Data provided Start Marker

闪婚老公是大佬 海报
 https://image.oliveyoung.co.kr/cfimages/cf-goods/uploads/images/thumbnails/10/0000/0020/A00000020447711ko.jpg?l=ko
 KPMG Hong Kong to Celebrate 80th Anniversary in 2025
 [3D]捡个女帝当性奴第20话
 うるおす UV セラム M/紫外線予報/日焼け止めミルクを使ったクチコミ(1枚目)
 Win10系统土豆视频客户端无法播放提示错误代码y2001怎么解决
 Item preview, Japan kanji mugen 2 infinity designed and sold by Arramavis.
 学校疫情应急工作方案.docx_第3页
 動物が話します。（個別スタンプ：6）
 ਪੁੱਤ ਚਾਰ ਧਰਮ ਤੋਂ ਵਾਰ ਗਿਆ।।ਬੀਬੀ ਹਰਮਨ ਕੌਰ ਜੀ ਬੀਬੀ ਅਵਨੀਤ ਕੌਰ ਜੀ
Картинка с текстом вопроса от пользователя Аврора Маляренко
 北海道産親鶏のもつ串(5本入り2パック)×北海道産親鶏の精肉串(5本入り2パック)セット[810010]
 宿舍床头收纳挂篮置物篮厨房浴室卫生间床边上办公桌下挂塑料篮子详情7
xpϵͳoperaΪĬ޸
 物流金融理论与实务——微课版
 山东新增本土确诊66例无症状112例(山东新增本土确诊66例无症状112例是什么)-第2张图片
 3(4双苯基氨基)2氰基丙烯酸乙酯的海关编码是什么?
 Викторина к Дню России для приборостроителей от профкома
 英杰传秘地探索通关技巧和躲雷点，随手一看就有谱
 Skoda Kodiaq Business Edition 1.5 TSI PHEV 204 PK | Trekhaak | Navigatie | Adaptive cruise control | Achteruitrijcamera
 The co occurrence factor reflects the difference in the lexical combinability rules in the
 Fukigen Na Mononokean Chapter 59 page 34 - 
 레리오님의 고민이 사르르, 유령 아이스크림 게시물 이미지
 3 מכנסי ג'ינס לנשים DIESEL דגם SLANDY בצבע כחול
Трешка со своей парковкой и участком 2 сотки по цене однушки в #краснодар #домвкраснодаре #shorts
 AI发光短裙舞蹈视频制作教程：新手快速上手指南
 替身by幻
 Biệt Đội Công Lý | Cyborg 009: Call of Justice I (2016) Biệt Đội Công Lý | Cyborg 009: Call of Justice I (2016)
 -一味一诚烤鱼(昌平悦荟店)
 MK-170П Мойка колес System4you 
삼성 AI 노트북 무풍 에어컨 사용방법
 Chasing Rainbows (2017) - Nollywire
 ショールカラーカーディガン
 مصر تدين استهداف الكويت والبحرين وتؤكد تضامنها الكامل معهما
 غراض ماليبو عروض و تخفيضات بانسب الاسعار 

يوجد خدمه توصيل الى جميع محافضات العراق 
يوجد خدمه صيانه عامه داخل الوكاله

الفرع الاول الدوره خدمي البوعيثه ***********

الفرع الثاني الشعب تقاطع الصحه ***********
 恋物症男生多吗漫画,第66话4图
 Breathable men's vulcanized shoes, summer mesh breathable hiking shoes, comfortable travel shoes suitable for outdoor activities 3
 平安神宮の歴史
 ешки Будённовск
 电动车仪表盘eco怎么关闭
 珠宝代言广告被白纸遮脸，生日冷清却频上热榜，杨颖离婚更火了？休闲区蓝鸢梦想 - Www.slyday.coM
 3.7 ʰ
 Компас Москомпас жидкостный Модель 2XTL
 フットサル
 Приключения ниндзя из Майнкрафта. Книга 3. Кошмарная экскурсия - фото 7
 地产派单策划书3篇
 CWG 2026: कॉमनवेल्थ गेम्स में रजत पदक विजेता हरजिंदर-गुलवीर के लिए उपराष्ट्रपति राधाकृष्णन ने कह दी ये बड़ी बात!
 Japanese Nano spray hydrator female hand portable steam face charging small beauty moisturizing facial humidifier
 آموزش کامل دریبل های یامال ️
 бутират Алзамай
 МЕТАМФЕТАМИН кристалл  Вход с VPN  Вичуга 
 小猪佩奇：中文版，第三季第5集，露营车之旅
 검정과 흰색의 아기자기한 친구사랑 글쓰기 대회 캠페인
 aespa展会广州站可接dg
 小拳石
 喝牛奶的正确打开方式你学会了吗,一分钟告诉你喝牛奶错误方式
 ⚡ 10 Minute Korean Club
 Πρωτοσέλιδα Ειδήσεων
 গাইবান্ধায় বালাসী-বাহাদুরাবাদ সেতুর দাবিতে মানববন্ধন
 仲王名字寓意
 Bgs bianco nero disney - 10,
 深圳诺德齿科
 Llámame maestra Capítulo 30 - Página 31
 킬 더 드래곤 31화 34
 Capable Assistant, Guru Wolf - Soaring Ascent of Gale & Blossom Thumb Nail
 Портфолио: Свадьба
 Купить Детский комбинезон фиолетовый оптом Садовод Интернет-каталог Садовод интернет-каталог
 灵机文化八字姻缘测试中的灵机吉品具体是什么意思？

Data provided End Marker

Your task:
Taking the line with "動物が話します。（個別スタンプ：6）" as the first and the line with "Fukigen Na Mononokean" as the last, retype that stretch of the data above exactly, with no other lines.

Response below:
 動物が話します。（個別スタンプ：6）
 ਪੁੱਤ ਚਾਰ ਧਰਮ ਤੋਂ ਵਾਰ ਗਿਆ।।ਬੀਬੀ ਹਰਮਨ ਕੌਰ ਜੀ ਬੀਬੀ ਅਵਨੀਤ ਕੌਰ ਜੀ
Картинка с текстом вопроса от пользователя Аврора Маляренко
 北海道産親鶏のもつ串(5本入り2パック)×北海道産親鶏の精肉串(5本入り2パック)セット[810010]
 宿舍床头收纳挂篮置物篮厨房浴室卫生间床边上办公桌下挂塑料篮子详情7
xpϵͳoperaΪĬ޸
 物流金融理论与实务——微课版
 山东新增本土确诊66例无症状112例(山东新增本土确诊66例无症状112例是什么)-第2张图片
 3(4双苯基氨基)2氰基丙烯酸乙酯的海关编码是什么?
 Викторина к Дню России для приборостроителей от профкома
 英杰传秘地探索通关技巧和躲雷点，随手一看就有谱
 Skoda Kodiaq Business Edition 1.5 TSI PHEV 204 PK | Trekhaak | Navigatie | Adaptive cruise control | Achteruitrijcamera
 The co occurrence factor reflects the difference in the lexical combinability rules in the
 Fukigen Na Mononokean Chapter 59 page 34 - 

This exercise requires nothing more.